Task to carry out:
Output the records. Match them exactly.
▽
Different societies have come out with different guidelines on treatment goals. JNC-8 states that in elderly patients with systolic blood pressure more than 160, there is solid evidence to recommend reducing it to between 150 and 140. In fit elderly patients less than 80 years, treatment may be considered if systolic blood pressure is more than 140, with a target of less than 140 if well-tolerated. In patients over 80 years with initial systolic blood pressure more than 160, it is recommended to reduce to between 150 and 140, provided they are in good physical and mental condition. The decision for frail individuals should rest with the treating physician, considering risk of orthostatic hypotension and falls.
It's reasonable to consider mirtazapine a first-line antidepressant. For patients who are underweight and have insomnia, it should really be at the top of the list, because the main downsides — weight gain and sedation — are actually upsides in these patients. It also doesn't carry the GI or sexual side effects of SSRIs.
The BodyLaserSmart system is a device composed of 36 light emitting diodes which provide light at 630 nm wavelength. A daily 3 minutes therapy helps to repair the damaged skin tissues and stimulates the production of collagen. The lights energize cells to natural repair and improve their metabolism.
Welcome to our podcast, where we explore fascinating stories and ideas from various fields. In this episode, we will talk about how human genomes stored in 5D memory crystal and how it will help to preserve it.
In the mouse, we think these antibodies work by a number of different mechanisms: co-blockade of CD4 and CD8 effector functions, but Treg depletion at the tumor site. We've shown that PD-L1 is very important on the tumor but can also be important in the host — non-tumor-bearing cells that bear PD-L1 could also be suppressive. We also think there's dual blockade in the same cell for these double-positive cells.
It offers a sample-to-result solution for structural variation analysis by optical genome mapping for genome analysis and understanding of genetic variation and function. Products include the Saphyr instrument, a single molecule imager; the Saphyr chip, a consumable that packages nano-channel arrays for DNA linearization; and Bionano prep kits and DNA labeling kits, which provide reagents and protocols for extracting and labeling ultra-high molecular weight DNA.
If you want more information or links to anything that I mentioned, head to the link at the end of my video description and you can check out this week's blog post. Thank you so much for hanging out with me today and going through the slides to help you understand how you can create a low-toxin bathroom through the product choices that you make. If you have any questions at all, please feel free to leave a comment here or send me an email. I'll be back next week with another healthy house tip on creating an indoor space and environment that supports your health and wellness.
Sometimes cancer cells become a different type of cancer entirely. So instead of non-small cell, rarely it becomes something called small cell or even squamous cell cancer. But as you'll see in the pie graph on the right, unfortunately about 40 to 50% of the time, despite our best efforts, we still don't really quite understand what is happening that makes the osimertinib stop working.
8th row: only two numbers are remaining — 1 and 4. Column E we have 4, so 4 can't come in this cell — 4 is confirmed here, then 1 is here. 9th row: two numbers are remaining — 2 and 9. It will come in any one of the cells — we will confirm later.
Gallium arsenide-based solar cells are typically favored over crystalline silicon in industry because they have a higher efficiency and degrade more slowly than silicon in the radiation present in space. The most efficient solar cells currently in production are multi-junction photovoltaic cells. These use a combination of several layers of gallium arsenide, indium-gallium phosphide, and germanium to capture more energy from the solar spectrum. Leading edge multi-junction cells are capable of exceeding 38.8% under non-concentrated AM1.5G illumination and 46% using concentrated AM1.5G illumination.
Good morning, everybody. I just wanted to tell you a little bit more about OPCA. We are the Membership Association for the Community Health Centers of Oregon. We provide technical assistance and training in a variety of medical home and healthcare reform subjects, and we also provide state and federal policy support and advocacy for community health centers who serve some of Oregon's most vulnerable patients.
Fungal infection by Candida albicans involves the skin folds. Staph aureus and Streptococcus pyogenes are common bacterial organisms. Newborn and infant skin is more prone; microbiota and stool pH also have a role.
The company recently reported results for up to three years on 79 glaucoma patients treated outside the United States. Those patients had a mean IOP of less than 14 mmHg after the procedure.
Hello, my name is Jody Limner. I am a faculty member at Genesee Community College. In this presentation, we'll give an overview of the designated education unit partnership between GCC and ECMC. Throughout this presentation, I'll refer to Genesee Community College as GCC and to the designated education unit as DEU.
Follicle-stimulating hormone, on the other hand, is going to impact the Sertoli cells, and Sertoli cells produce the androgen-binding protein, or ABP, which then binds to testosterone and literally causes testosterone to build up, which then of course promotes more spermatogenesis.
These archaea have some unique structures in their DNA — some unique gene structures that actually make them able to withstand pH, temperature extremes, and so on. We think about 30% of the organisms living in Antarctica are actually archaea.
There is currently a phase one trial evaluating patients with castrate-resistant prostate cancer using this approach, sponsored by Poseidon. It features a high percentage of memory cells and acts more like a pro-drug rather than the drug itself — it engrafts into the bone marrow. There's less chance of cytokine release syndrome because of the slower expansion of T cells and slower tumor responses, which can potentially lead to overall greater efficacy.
△
Solution to the exercise:
Different societies have come out with different guidelines on treatment goals. JNC-8 states that in elderly patients with systolic blood pressure more than 160, there is solid evidence to recommend reducing it to between 150 and 140. In fit elderly patients less than 80 years, treatment may be considered if systolic blood pressure is more than 140, with a target of less than 140 if well-tolerated. In patients over 80 years with initial systolic blood pressure more than 160, it is recommended to reduce to between 150 and 140, provided they are in good physical and mental condition. The decision for frail individuals should rest with the treating physician, considering risk of orthostatic hypotension and falls.
It's reasonable to consider mirtazapine a first-line antidepressant. For patients who are underweight and have insomnia, it should really be at the top of the list, because the main downsides — weight gain and sedation — are actually upsides in these patients. It also doesn't carry the GI or sexual side effects of SSRIs.
The BodyLaserSmart system is a device composed of 36 light emitting diodes which provide light at 630 nm wavelength. A daily 3 minutes therapy helps to repair the damaged skin tissues and stimulates the production of collagen. The lights energize cells to natural repair and improve their metabolism.
Welcome to our podcast, where we explore fascinating stories and ideas from various fields. In this episode, we will talk about how human genomes stored in 5D memory crystal and how it will help to preserve it.
In the mouse, we think these antibodies work by a number of different mechanisms: co-blockade of CD4 and CD8 effector functions, but Treg depletion at the tumor site. We've shown that PD-L1 is very important on the tumor but can also be important in the host — non-tumor-bearing cells that bear PD-L1 could also be suppressive. We also think there's dual blockade in the same cell for these double-positive cells.
It offers a sample-to-result solution for structural variation analysis by optical genome mapping for genome analysis and understanding of genetic variation and function. Products include the Saphyr instrument, a single molecule imager; the Saphyr chip, a consumable that packages nano-channel arrays for DNA linearization; and Bionano prep kits and DNA labeling kits, which provide reagents and protocols for extracting and labeling ultra-high molecular weight DNA.
If you want more information or links to anything that I mentioned, head to the link at the end of my video description and you can check out this week's blog post. Thank you so much for hanging out with me today and going through the slides to help you understand how you can create a low-toxin bathroom through the product choices that you make. If you have any questions at all, please feel free to leave a comment here or send me an email. I'll be back next week with another healthy house tip on creating an indoor space and environment that supports your health and wellness.
Sometimes cancer cells become a different type of cancer entirely. So instead of non-small cell, rarely it becomes something called small cell or even squamous cell cancer. But as you'll see in the pie graph on the right, unfortunately about 40 to 50% of the time, despite our best efforts, we still don't really quite understand what is happening that makes the osimertinib stop working.
8th row: only two numbers are remaining — 1 and 4. Column E we have 4, so 4 can't come in this cell — 4 is confirmed here, then 1 is here. 9th row: two numbers are remaining — 2 and 9. It will come in any one of the cells — we will confirm later.
Gallium arsenide-based solar cells are typically favored over crystalline silicon in industry because they have a higher efficiency and degrade more slowly than silicon in the radiation present in space. The most efficient solar cells currently in production are multi-junction photovoltaic cells. These use a combination of several layers of gallium arsenide, indium-gallium phosphide, and germanium to capture more energy from the solar spectrum. Leading edge multi-junction cells are capable of exceeding 38.8% under non-concentrated AM1.5G illumination and 46% using concentrated AM1.5G illumination.
Good morning, everybody. I just wanted to tell you a little bit more about OPCA. We are the Membership Association for the Community Health Centers of Oregon. We provide technical assistance and training in a variety of medical home and healthcare reform subjects, and we also provide state and federal policy support and advocacy for community health centers who serve some of Oregon's most vulnerable patients.
Fungal infection by Candida albicans involves the skin folds. Staph aureus and Streptococcus pyogenes are common bacterial organisms. Newborn and infant skin is more prone; microbiota and stool pH also have a role.
The company recently reported results for up to three years on 79 glaucoma patients treated outside the United States. Those patients had a mean IOP of less than 14 mmHg after the procedure.
Hello, my name is Jody Limner. I am a faculty member at Genesee Community College. In this presentation, we'll give an overview of the designated education unit partnership between GCC and ECMC. Throughout this presentation, I'll refer to Genesee Community College as GCC and to the designated education unit as DEU.
Follicle-stimulating hormone, on the other hand, is going to impact the Sertoli cells, and Sertoli cells produce the androgen-binding protein, or ABP, which then binds to testosterone and literally causes testosterone to build up, which then of course promotes more spermatogenesis.
These archaea have some unique structures in their DNA — some unique gene structures that actually make them able to withstand pH, temperature extremes, and so on. We think about 30% of the organisms living in Antarctica are actually archaea.
There is currently a phase one trial evaluating patients with castrate-resistant prostate cancer using this approach, sponsored by Poseidon. It features a high percentage of memory cells and acts more like a pro-drug rather than the drug itself — it engrafts into the bone marrow. There's less chance of cytokine release syndrome because of the slower expansion of T cells and slower tumor responses, which can potentially lead to overall greater efficacy.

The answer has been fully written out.